O governador Geraldo Alckmin anunciou nesta quarta-feira, 22, a abertura de concurso para contratação recorde de mais de 2.800 servidores para trabalhar na Polícia Civil e um projeto de lei para a criação de 1.865 cargos para a Polícia Científica do Estado. A ação faz parte do programa São Paulo Contra o Crime, que prevê, além das contratações, a criação do Deinter 10 e um convênio com o Instituto Sou da Paz para melhorar a gestão policial. "Faremos uma verdadeira revolução, com aumento de 60% nos recursos humanos da Polícia Técnico-Científica", afirmou Alckmin.

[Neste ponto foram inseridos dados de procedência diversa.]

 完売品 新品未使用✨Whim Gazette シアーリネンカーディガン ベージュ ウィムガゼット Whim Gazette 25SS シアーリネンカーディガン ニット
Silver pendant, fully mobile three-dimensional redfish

De acordo com o secretário da Segurança Pública, Fernando Grella Vieira, serão 129 vagas de delegados, 1.075 de escrivães, 1.384 de investigadores e 217 de agentes policiais. Já na Polícia Técnico-Científica, um projeto de lei amplia o quadro de servidores, criando 1.865 cargos entre peritos, médicos legista, administrativo e auxiliares. O custo da medida será de R$ 170 milhões por ano.

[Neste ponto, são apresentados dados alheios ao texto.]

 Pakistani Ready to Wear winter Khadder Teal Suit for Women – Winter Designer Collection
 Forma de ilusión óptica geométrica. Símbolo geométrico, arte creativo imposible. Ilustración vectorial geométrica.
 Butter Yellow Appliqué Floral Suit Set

"Essas ações têm vias administrativas de estrutura, basicamente com reforço de recursos humanos, especialmente na Polícia Civil e na Polícia Técnico-Científica, mas mais do que isso, em termos principais, uma ação que é inédita para nós em São Paulo", explicou o secretário.

Reestruturação

Também estão inclusas nas ações estratégicas as reestruturações de dois departamentos da Polícia Civil, o Deic (Departamento Estadual de Investigações Criminais) e Decade (Departamento de Capturas e Delegacias Especializadas) e a alteração estrutural organizacional do DHPP (Departamento Estadual de Homicídios e de Proteção à Pessoa).

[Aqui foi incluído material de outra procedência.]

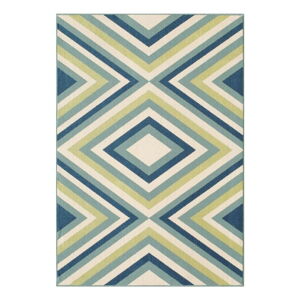 Zeleno-modrý vonkajší koberec Floorita Rombi Blue Green, 133 × 190 cm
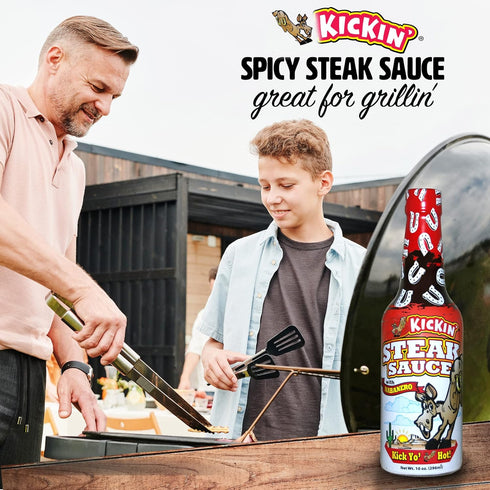 Kickin' Spicy Steak Sauce with Habanero, 10 oz - Premium Gourmet for Hot Sauce Fans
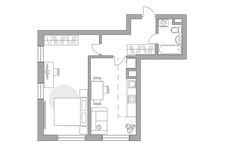 Планировка 2-комнатной квартиры, 49,5 м2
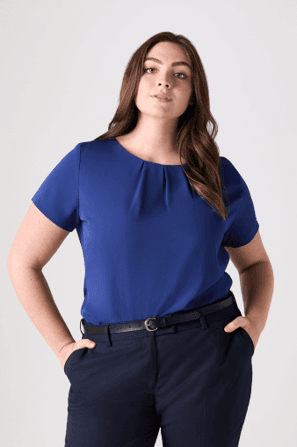 French Navy Pleat Neck Blouse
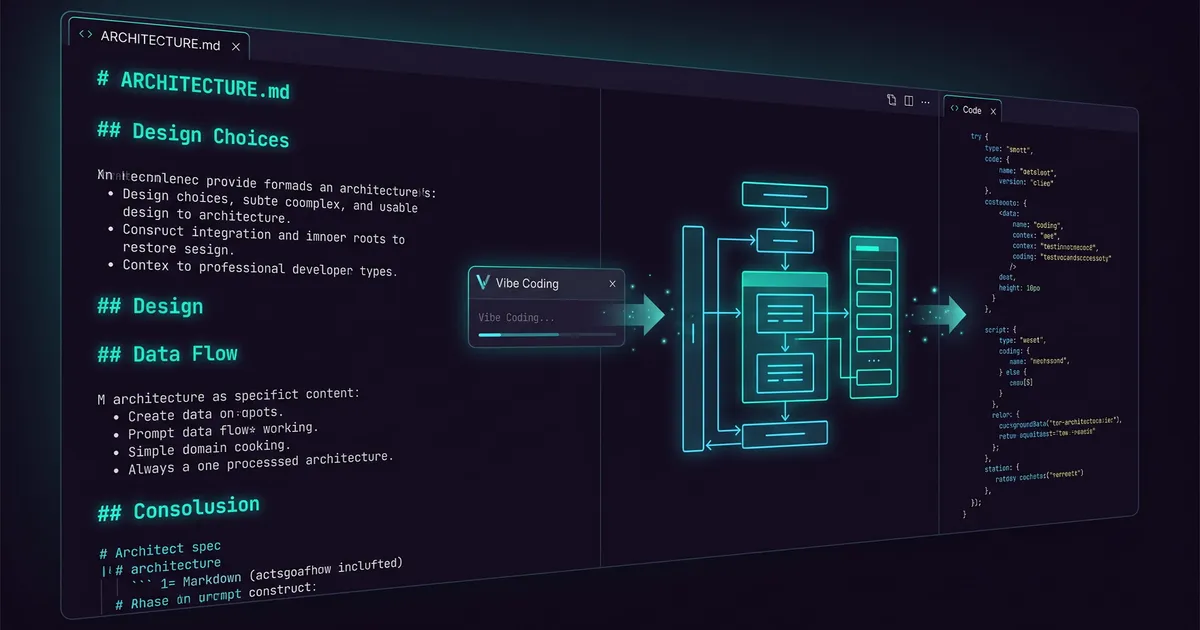 A clean text editor showing a Markdown specification alongside generated code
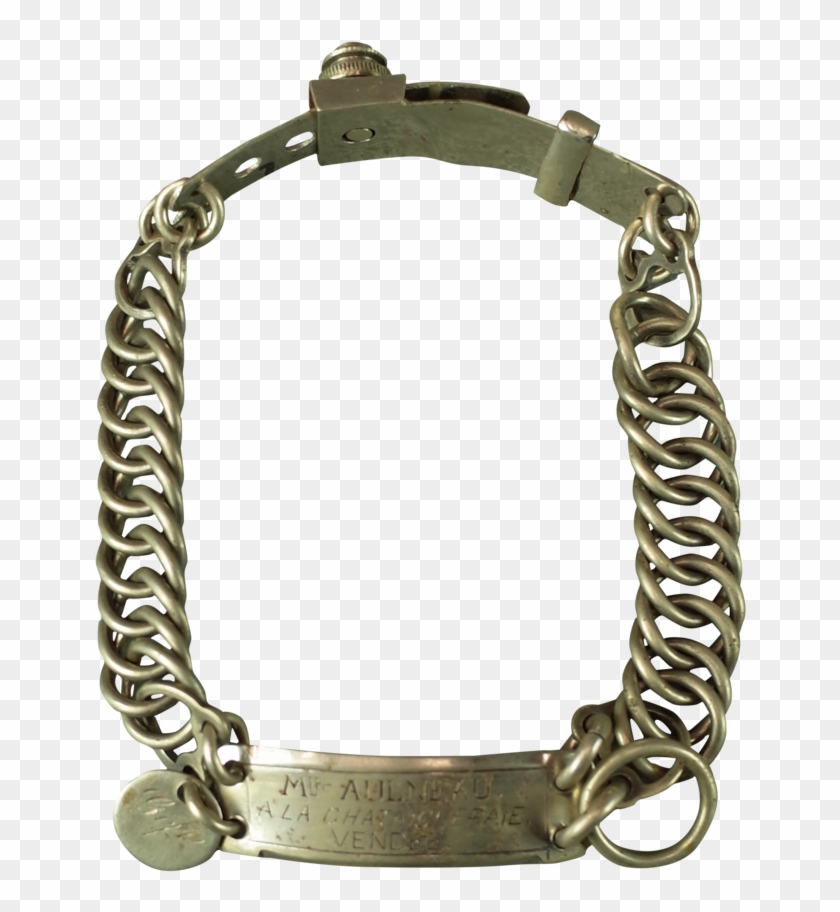 Nickel Dog Collar With Engraved Name Plate - Bracelet Clipart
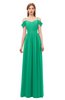 ColsBM Taylor Pepper Green Bridesmaid Dresses A-line Off The Shoulder Short Sleeve Zipper Floor Length Simple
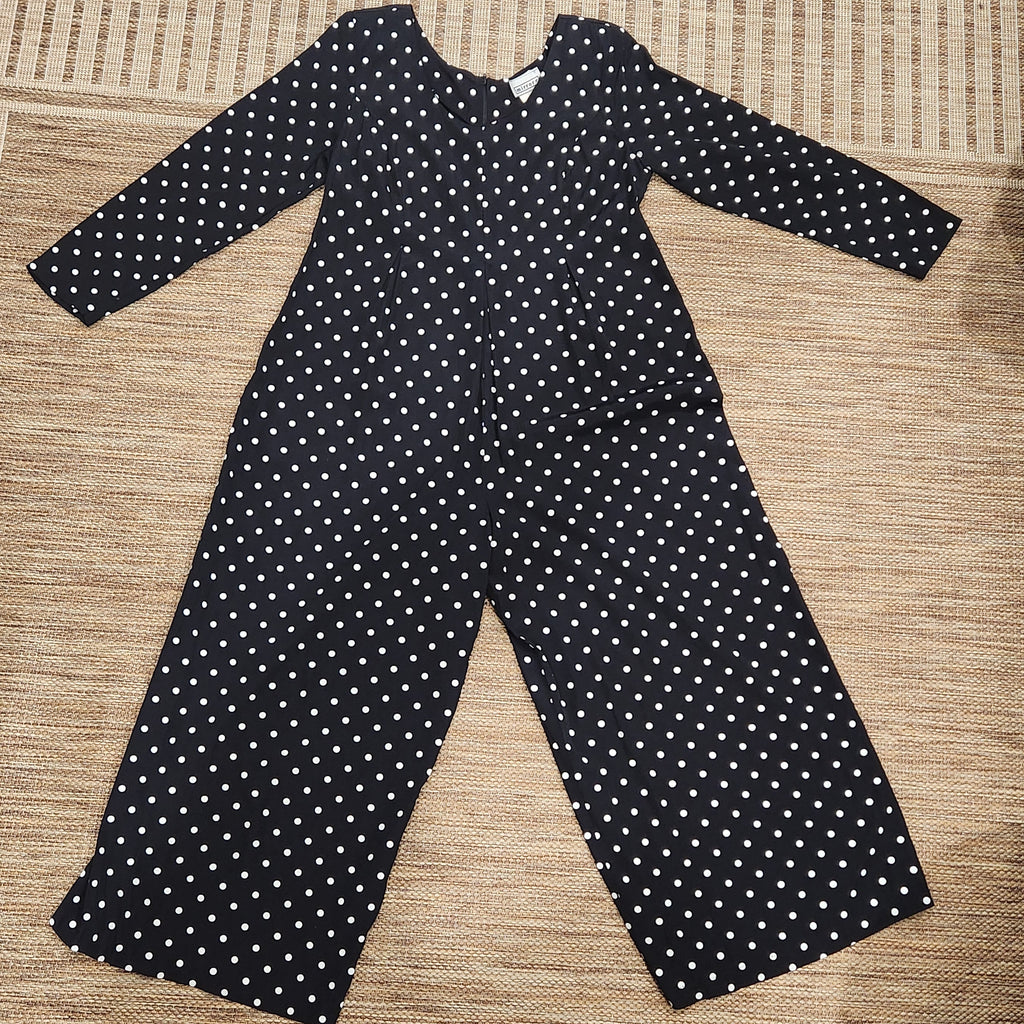 Vintage Long Sleeve Polka Dot Jumpsuit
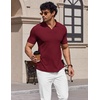 image:imageCOOFANDY Mens V Neck Polo Shirts Short Sleeve Golf TShirts Ribbed Knit Soft TeesWine Red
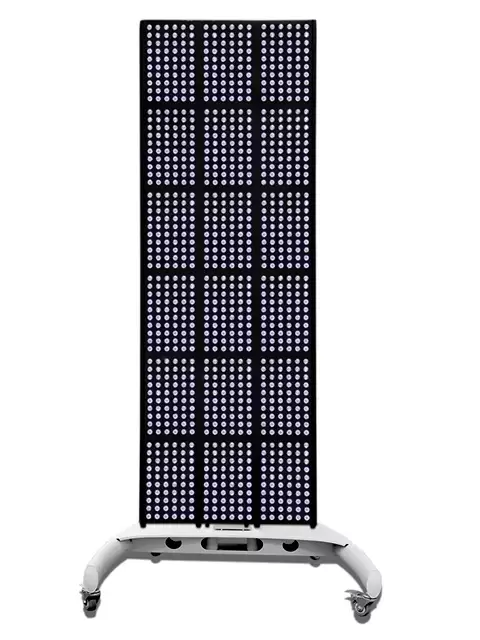 Full body red light therapy panel mounted on a vertical stand for hands-free light therapy sessions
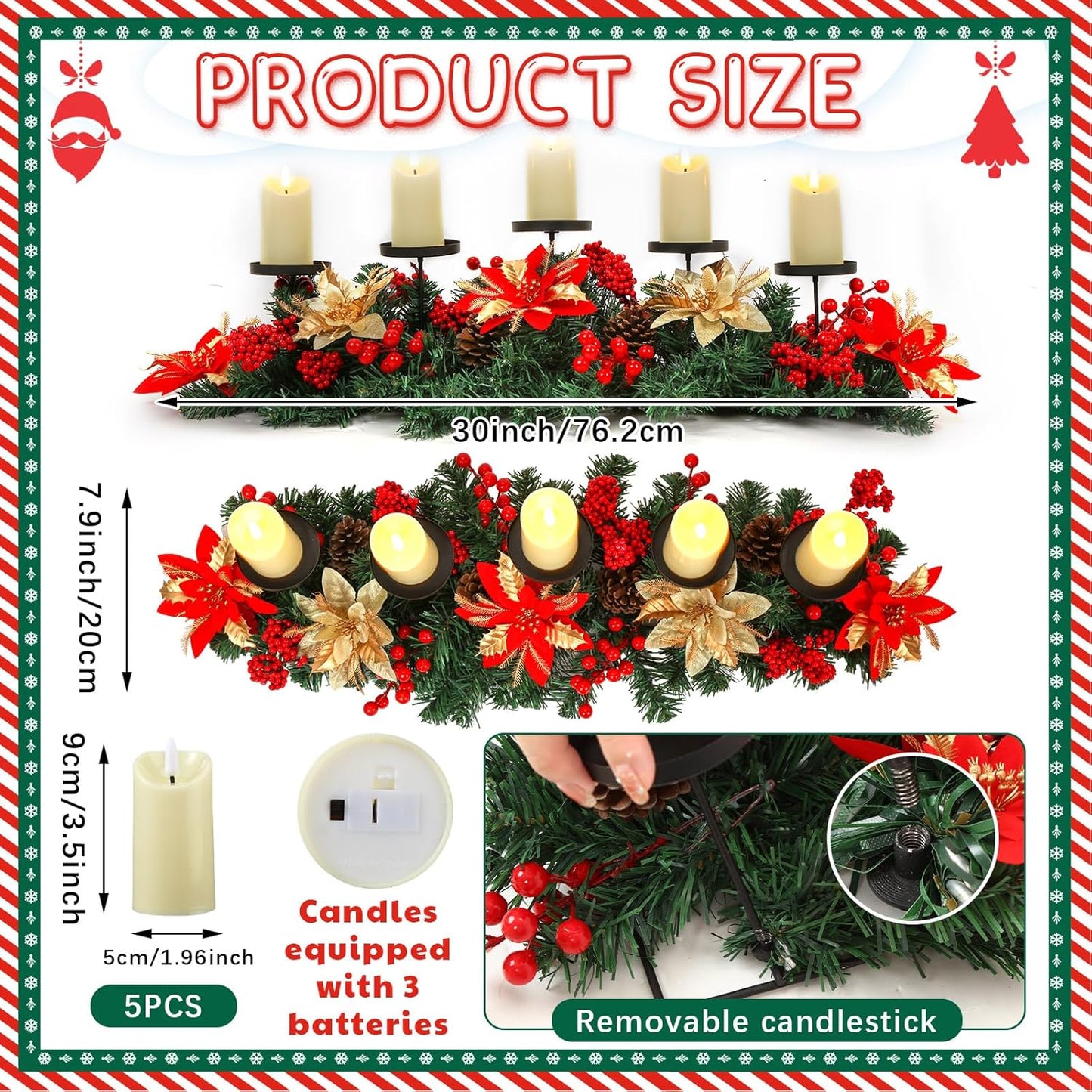 Sliner Christmas Tabletop Centerpiece - 30-Inch Poinsettia Candle Holder with 5 LED Flameless Candles & Pine Cones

Com a reestruturação, o Decade vai ampliar a Deatur (Divisão Especial de Atendimento ao Turista) com vistas à realização da Copa do Mundo em 2014. A medida também irá transferir a Delegacia de Latrocínio do DHPP para o Deic. "Nós queremos evidentemente com essas ações, que se iniciam a partir de hoje, buscar um trabalho ao longo do tempo que represente um enfrentamento maior naqueles crimes que mais impactam na segurança", afirmou Grella.

Parceria

Como parte do Programa São Paulo Contra o Crime, o Governo do Estado firmou parceria com o Instituto Sou da Paz, que desenvolverá um plano de metas para melhoria de gestão e bonificação aos policiais, a fim de reduzir os índices de criminalidade. "Queremos metas bem objetivas para atingir tanto os crimes contra a vida, homicídio, latrocínio, quanto os crimes ao patrimônio, e com o auxílio da sociedade civil", disse Alckmin.